Restaurants in France usually have specific lunch and dinner hours. It’s important to know that they are usually closed in between those hours, so it’s best to arrive during those specific times. Most restaurants are open from noon to 2 PM and then from 7 PM to 11 PM. If you miss these hours, you can always grab some delicious French snacks from a bakery.

2- Say Bonjour and Wait to Be Seated


In France, greetings and manners are very important, especially when entering a restaurant. When you arrive, always say “Bonjour” or “Hello” in any language. Please wait to be seated and do not seat yourself, unless invited to do so by an employee. If you’re unsure, ask if there is a table available and follow the waiter to your seat.

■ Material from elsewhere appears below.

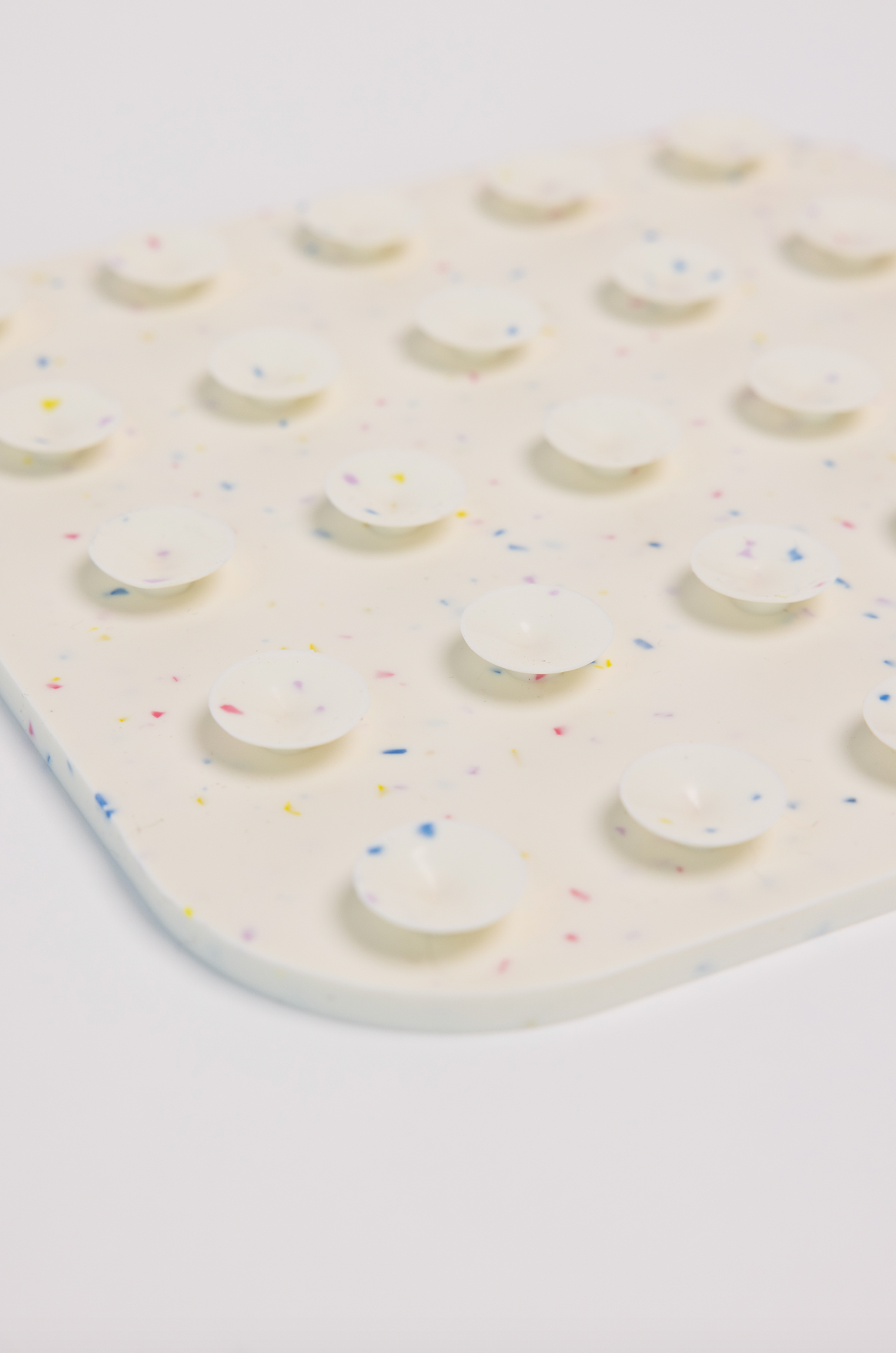 The Modern Dog Co. - It's a Birthday Pawty Lick Mat - BIG FRENCHIES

3- The Prix Fixe Menu is the Way to Go


When looking at the menu, there should be two options: “A La Carte” where you choose individual dishes or the “Le Menu” which is usually a 2 or 3 prix fixe course meal. (It is possible that some restaurants only have A La Carte) The Prix Fixe menu is a great way to sample the best of what the restaurant has to offer at a reasonable price. You can be sure that it is what the restaurant cooks the best, and if you compare the prices to the A La Carte menu, you’ll save money. Plus, it’s a pleasant experience to enjoy a 3-course meal when dining out.

4- Order a Café Gourmand


At the end of their meal, the French like to drink coffee and eat dessert. They’ve combined the two and created the “Café Gourmand” (or “Thé Gourmand” for tea lovers). This is a platter with a coffee surrounded by 4 to 5 miniature desserts. It’s an adorable and delicious option that’s sure to satisfy your sweet tooth. So, don’t be a tourist, and go ahead and order the Café Gourmand.

5- Try the Plat Du Jour

plat du jour

Many French restaurants offer a “Plat Du Jour” for lunch, which is a fresh and seasonal dish that the chef has cooked using local market ingredients. It’s always a great choice and usually cheaper than the rest of the menu options. Be sure to check out the signs outside the restaurant to see what the Plat Du Jour is for that day.

6- Tips Are Included


In France, unlike in America, waiters and waitresses receive a monthly salary, so they do not rely on tips. While tipping is not expected, it’s always appreciated if you have received great service. Make sure to bring some cash as they probably will not be able to charge it on your card. 5 to 10 % of the bill is a good amount.

By following these six tips, you’ll be able to enjoy the best that French restaurants have to offer. Bon appétit!